Les développements régionaux s'inscrivent dans une longue tradition de promotion du service public. Selon l'Agence ferroviaire de l'Union européenne (ERA), de telles initiatives régionales ont rendu la population locale plus encline à utiliser les services publics, en particulier au niveau des villes. "En 2019, Västtrafik, l'agence régionale de transport de Göteborg (Suède), a distribué gratuitement des laissez-passer de deux semaines valables pour les bus, les ferries et les tramways”, explique un responsable de l'ERA à Voxeurop. “Environ 20 % des personnes ayant reçu les billets gratuits, soit 100 000 résidents, sont devenus des utilisateurs réguliers des transports publics". Des cas similaires de transports publics gratuits ont pu être constatés à Tallinn (Estonie) et à Dunkerque (France).
L'Allemagne et l'Espagne, avec leurs initiatives nationales, permettent de comprendre les limites, les développements futurs possibles et la nécessité d'intégrer ces politiques dans une approche plus large. La tarification fait en effet partie d'une stratégie plus complexe visant à encourager les transports publics, à réduire les émissions du secteur au niveau national et continental, à réduire le trafic sur les autoroutes et à promouvoir le tourisme régional.
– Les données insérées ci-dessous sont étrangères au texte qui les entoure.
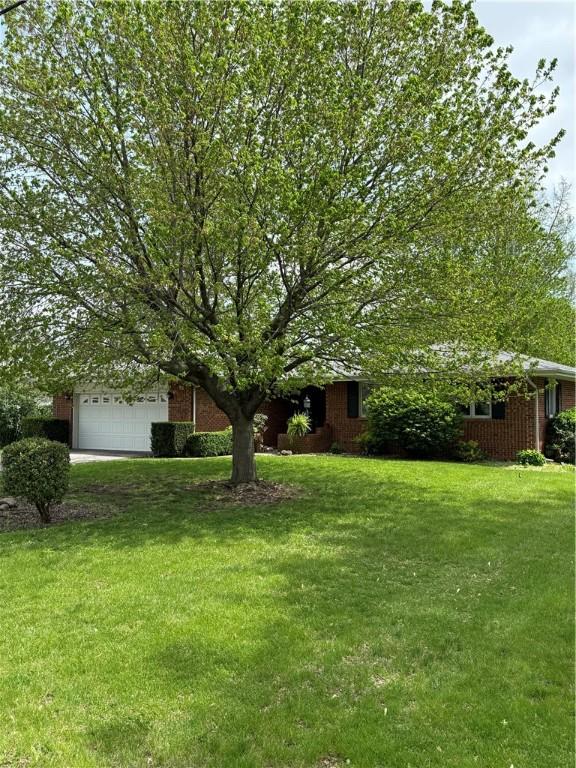view of front of home with an attached garage and a front lawn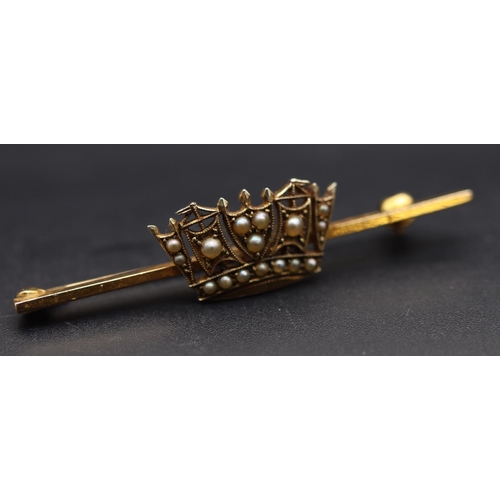 704 - A 9ct gold bar brooch mounted with crown motif, inset with half pearls, 3.9 grams gross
Allemagne : un nouveau programme national après le test de 2022
Le premier programme national visant à stimuler l'utilisation des trains post-pandémie est venu d'Allemagne : un billet mensuel à 9 euros donnant accès à tous les transports publics régionaux pendant trois mois de l'été 2022. Cette promotion s'inscrivait plus largement dans le cadre des efforts déployés par le gouvernement allemand pour limiter les conséquences de l'inflation.
Selon les données de l'Office fédéral allemand de la statistique (Destatis), le nombre de trajets dans les zones rurales du pays en juin et juillet 2022 a augmenté de 80 % par rapport à 2019. Pareil pour le nombre de voyages en train vers les zones touristiques urbaines, qui a grimpé de 28 %. Au cours de la même période, les déplacements par la route ont retrouvé leur niveau d'avant la pandémie, ce qui suggère que seule une partie marginale de la population a renoncé à la voiture, préférant voyager en train.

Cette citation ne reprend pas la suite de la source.